The Doctor didn't see sleep as a necessity; he saw it as an annoyance. Needless to say, her body clock was always all over the place and often she found herself waking in the early hours of the morning even when she didn't have to, then annoyingly, being unable to drop back off, fitfully tossing and turning until her alarm eventually went off.

This morning had been one of those occasions. She had awoken around three-ish, freezing cold due to Tom taking up most of the quilt, wrapping it around himself like a cocoon and hadn't been able to get back to sleep.
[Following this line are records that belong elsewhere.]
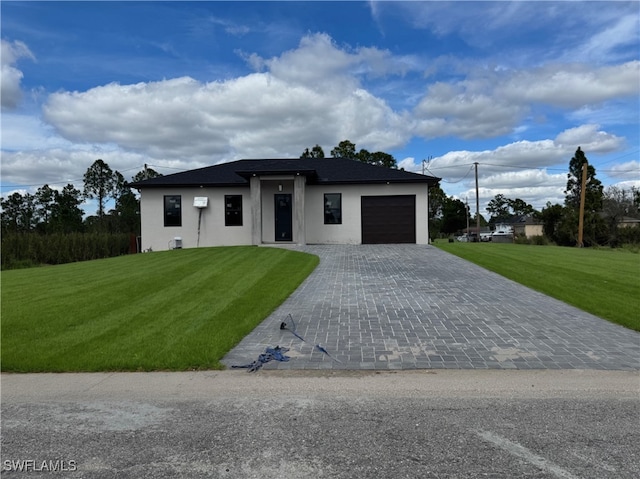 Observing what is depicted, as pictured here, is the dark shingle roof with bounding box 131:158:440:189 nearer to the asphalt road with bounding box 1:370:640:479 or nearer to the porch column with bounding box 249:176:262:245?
the porch column with bounding box 249:176:262:245

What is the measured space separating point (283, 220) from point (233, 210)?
8.28ft

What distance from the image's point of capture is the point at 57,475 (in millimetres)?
2932

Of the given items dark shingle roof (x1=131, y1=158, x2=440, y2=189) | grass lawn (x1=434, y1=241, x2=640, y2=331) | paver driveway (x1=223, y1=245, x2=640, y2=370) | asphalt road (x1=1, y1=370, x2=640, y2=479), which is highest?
dark shingle roof (x1=131, y1=158, x2=440, y2=189)

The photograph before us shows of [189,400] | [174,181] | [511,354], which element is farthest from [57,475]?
[174,181]

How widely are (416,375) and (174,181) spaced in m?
18.6

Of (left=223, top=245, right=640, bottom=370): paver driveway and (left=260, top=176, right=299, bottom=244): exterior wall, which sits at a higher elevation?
(left=260, top=176, right=299, bottom=244): exterior wall

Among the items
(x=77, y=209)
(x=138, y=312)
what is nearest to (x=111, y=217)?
(x=77, y=209)

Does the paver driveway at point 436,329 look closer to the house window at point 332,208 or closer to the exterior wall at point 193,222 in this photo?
the house window at point 332,208

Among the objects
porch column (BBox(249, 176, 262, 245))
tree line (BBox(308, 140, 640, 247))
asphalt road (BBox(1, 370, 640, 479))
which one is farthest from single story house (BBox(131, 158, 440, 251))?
tree line (BBox(308, 140, 640, 247))

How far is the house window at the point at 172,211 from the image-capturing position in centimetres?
2108

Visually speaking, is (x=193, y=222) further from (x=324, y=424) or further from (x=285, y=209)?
(x=324, y=424)

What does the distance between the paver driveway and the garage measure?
9.02 m

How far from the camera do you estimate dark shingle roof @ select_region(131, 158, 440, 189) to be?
61.7 feet

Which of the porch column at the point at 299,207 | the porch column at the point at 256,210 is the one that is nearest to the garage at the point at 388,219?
the porch column at the point at 299,207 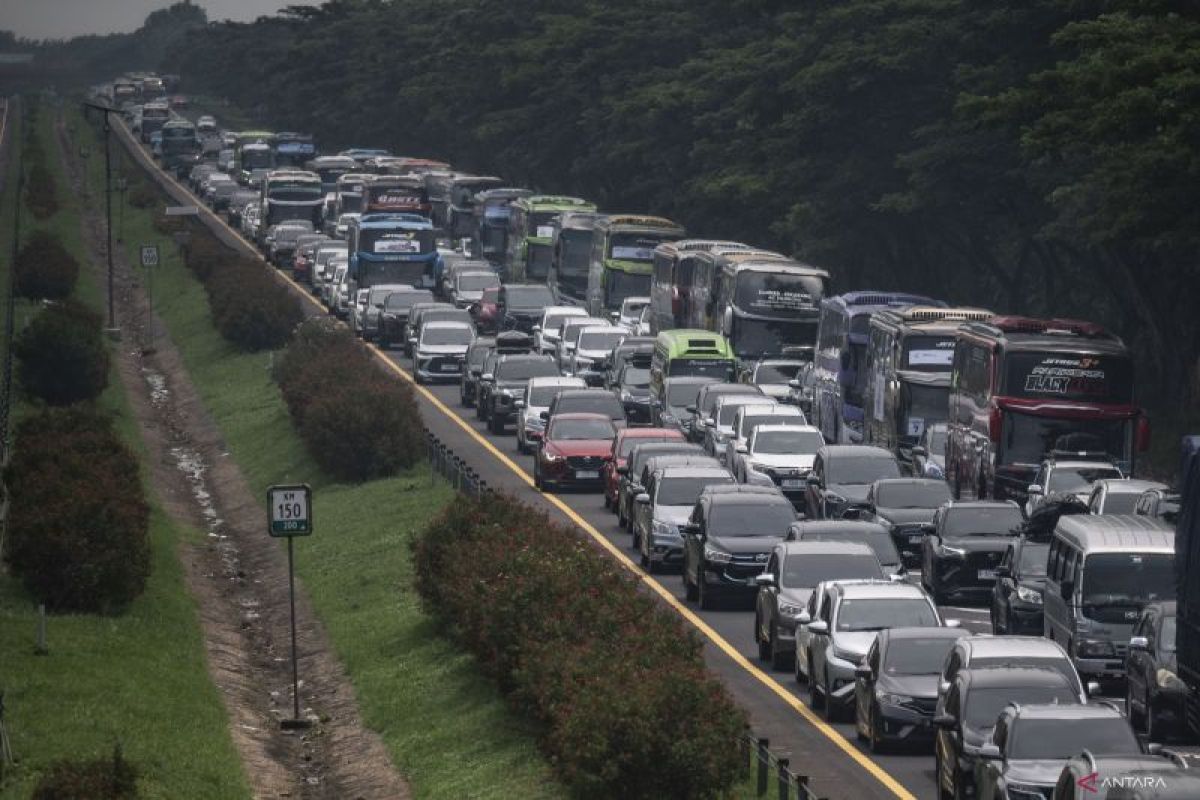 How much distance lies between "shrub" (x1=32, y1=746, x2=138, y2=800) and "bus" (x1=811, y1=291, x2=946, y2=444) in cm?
3395

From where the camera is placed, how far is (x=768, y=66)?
81188 millimetres

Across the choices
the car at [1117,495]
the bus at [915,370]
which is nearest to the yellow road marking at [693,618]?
the car at [1117,495]

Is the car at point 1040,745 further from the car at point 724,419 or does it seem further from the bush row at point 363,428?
the bush row at point 363,428

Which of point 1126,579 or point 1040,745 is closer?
point 1040,745

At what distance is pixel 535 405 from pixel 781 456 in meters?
10.8

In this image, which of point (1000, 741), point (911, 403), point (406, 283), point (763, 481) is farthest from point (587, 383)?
point (1000, 741)

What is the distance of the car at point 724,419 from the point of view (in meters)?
49.6

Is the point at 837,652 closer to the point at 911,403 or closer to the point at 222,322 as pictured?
the point at 911,403

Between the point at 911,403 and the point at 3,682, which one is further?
the point at 911,403

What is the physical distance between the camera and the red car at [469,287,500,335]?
80625 millimetres

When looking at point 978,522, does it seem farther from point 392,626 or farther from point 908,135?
point 908,135

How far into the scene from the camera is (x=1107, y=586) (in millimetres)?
30094

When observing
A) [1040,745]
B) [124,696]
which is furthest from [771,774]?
[124,696]

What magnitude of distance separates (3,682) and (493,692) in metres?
5.66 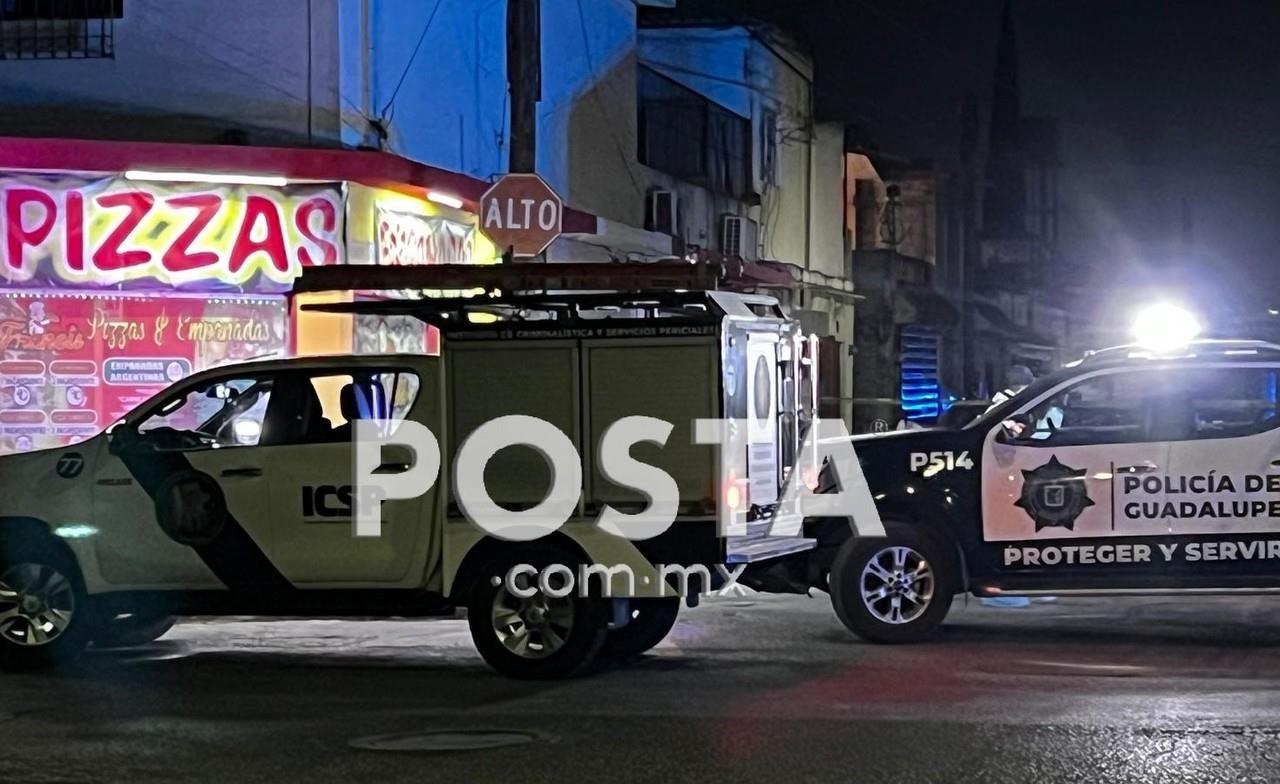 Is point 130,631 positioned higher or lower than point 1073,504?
lower

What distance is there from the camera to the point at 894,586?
11.2 m

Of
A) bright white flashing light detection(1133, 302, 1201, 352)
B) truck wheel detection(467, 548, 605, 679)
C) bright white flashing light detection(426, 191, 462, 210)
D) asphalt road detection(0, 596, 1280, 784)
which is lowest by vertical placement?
asphalt road detection(0, 596, 1280, 784)

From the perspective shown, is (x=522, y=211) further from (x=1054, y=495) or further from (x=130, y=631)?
(x=1054, y=495)

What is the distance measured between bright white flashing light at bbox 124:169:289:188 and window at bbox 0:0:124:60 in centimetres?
165

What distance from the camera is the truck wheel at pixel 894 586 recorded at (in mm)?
11133

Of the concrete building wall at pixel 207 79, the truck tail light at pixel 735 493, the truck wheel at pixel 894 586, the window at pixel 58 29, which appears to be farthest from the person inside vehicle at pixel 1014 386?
the window at pixel 58 29

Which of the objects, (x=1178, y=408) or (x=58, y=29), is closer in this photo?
(x=1178, y=408)

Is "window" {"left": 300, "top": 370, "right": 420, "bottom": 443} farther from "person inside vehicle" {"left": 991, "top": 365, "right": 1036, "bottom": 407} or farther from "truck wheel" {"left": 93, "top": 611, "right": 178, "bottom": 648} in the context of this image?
"person inside vehicle" {"left": 991, "top": 365, "right": 1036, "bottom": 407}

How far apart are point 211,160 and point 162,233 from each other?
0.92 metres

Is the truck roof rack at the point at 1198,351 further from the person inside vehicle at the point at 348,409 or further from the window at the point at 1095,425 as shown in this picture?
the person inside vehicle at the point at 348,409

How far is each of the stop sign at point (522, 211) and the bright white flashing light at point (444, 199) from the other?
2390 mm

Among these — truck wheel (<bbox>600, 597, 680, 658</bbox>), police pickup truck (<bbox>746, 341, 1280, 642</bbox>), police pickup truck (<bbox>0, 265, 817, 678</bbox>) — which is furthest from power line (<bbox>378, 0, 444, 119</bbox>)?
truck wheel (<bbox>600, 597, 680, 658</bbox>)

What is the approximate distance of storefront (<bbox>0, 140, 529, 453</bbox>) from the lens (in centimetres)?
1567

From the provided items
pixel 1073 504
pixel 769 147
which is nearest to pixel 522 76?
pixel 1073 504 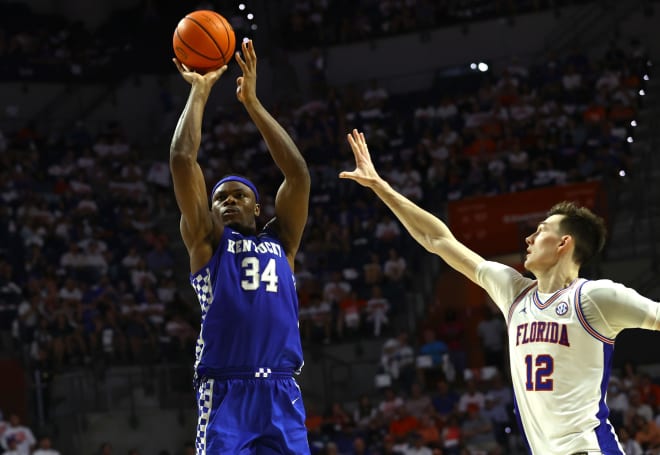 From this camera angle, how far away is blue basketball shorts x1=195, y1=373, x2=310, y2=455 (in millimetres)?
5238

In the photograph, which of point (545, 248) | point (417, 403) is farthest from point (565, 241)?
point (417, 403)

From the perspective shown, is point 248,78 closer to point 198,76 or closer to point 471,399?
point 198,76

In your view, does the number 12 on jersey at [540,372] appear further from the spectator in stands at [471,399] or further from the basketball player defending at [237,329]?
the spectator in stands at [471,399]

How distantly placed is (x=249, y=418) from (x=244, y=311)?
1.74 ft

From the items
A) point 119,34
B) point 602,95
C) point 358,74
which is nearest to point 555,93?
point 602,95

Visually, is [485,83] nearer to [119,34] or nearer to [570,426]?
[119,34]

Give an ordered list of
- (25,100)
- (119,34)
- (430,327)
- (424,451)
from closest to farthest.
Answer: (424,451), (430,327), (25,100), (119,34)

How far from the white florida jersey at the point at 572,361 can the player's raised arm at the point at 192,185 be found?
5.42ft

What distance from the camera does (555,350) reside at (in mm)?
5117

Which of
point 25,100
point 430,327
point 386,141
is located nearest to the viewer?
point 430,327

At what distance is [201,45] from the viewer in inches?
241

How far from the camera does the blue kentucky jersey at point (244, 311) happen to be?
540 centimetres

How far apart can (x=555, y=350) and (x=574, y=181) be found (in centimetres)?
1255

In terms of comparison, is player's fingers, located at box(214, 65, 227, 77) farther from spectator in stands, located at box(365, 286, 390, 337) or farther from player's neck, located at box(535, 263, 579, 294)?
spectator in stands, located at box(365, 286, 390, 337) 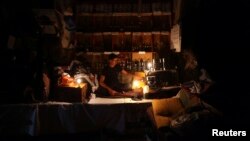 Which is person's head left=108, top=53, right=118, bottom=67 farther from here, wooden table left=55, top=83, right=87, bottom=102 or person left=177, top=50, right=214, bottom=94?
wooden table left=55, top=83, right=87, bottom=102

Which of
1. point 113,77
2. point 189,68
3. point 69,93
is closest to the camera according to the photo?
point 69,93

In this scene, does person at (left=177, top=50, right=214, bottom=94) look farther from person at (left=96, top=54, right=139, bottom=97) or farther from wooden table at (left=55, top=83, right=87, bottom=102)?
wooden table at (left=55, top=83, right=87, bottom=102)

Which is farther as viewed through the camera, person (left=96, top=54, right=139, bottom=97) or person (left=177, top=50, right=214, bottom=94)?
person (left=177, top=50, right=214, bottom=94)

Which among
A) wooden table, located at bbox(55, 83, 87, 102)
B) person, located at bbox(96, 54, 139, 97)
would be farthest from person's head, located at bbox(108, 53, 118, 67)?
wooden table, located at bbox(55, 83, 87, 102)

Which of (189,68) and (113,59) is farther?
(189,68)

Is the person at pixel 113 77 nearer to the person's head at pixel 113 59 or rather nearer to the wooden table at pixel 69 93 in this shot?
the person's head at pixel 113 59

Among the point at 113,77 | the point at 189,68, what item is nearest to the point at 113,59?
the point at 113,77

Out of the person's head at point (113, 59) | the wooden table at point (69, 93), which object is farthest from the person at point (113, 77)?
the wooden table at point (69, 93)

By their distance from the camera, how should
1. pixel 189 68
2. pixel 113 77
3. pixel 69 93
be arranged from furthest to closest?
pixel 189 68
pixel 113 77
pixel 69 93

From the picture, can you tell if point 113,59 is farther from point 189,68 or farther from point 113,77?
point 189,68

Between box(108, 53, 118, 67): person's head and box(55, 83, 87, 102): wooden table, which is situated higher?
box(108, 53, 118, 67): person's head

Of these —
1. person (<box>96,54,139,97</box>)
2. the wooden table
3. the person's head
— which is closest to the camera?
the wooden table

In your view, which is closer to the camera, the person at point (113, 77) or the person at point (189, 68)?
the person at point (113, 77)

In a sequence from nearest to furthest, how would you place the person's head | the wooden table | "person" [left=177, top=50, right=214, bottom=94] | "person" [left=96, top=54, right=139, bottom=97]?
the wooden table < "person" [left=96, top=54, right=139, bottom=97] < the person's head < "person" [left=177, top=50, right=214, bottom=94] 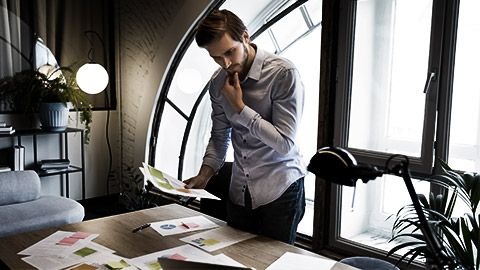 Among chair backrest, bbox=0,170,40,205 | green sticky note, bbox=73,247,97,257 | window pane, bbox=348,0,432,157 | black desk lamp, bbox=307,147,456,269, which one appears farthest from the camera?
chair backrest, bbox=0,170,40,205

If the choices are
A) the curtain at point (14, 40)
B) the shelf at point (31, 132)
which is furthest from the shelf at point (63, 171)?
the curtain at point (14, 40)

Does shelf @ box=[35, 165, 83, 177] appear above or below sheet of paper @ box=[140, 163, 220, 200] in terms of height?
below

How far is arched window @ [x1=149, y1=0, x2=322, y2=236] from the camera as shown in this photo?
3.77 metres

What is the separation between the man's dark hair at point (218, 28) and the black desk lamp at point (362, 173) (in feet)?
2.81

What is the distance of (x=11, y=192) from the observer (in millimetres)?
3250

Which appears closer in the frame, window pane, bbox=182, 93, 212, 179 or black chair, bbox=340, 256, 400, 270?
black chair, bbox=340, 256, 400, 270

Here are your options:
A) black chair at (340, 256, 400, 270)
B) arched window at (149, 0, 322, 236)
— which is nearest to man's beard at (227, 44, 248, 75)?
black chair at (340, 256, 400, 270)

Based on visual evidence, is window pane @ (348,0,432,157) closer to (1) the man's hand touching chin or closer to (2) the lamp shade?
(1) the man's hand touching chin

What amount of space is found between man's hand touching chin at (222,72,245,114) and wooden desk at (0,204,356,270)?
516mm

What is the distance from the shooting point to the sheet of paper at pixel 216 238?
159 cm

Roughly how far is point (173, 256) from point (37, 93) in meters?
3.22

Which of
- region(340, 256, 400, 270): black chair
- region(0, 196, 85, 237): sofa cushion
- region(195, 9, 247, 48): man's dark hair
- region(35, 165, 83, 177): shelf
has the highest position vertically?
region(195, 9, 247, 48): man's dark hair

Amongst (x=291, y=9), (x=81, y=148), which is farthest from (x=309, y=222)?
(x=81, y=148)

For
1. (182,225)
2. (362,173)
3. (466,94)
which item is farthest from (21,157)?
(362,173) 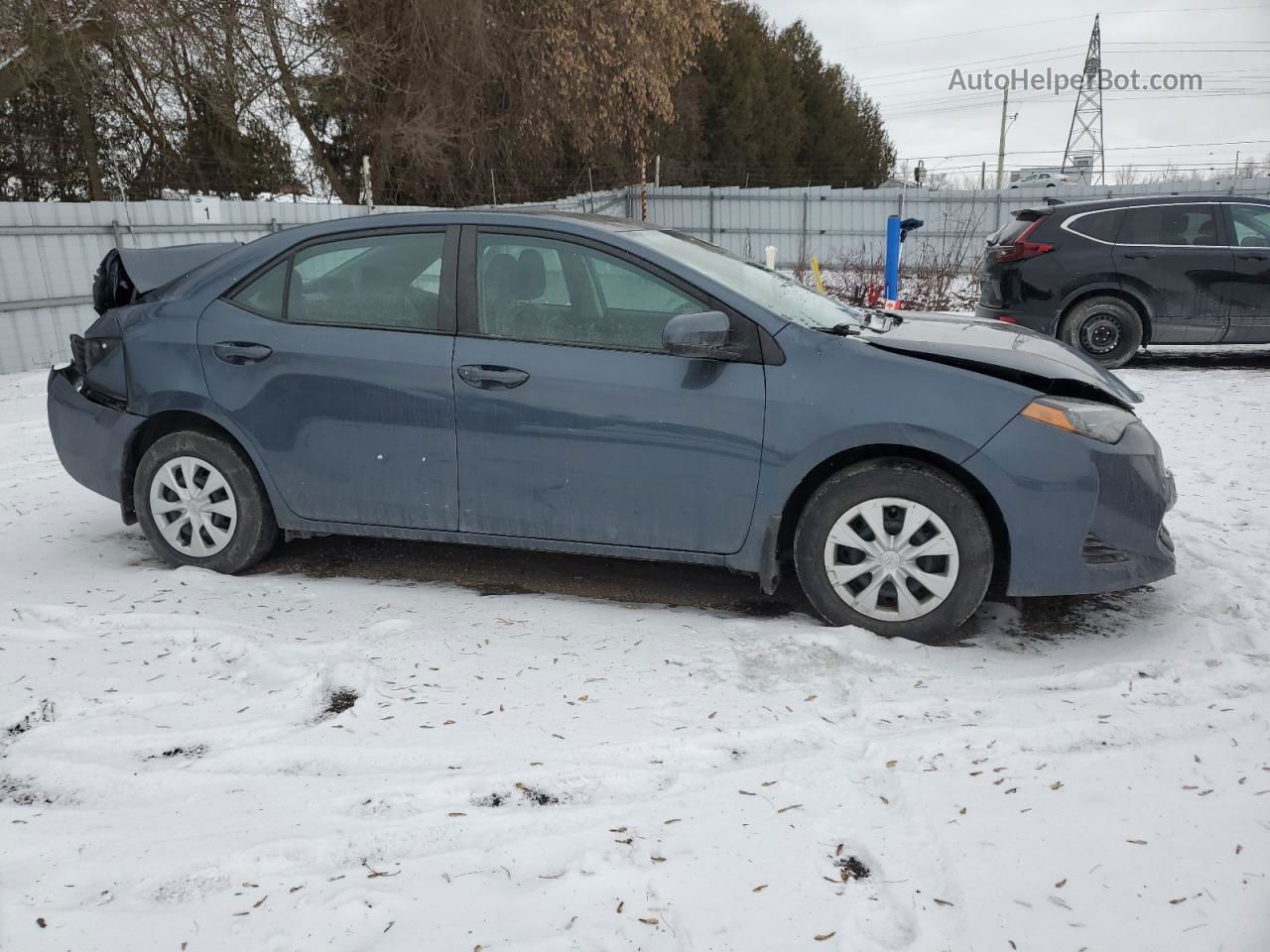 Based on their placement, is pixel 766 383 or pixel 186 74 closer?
pixel 766 383

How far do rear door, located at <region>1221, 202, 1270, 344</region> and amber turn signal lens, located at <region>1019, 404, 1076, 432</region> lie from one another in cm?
701

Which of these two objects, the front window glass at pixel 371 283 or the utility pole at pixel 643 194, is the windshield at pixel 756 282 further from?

Despite her tiredness, she'd dragged herself out of bed when Tom had woken up an hour later, throwing on a pair of tracksuit bottoms and Ugg boots on top of her pyjamas and a thick dressing gown for warmth as she'd stumbled downstairs and in a zombie-like state, made Tom a steaming hot cup of tea as he'd showered and got dressed.

She'd then spent the best part of ten minutes following him around the house like a dutiful puppy as he'd added the last few items to his hand luggage, twice re-packing his passport and boarding card for him because twice, he'd mislaid them… then confiscated his car keys from him because he'd kept leaving them on the kitchen table so he 'wouldn't lose them' and then forgetting where he'd put them. Honestly, he was a brilliantly clever doctor, but he was about as organised as a two year old. Less, even.

Planning his departure; his flights and the times he had to check-in had been like trying to plan a full-scale UNIT operation. He'd only been told the week before that he was expected to attend a weeklong conference in Paris concerning the administration of a new, revolutionary medication, which if successful would help combat cancer at more that half the rate of chemotherapy.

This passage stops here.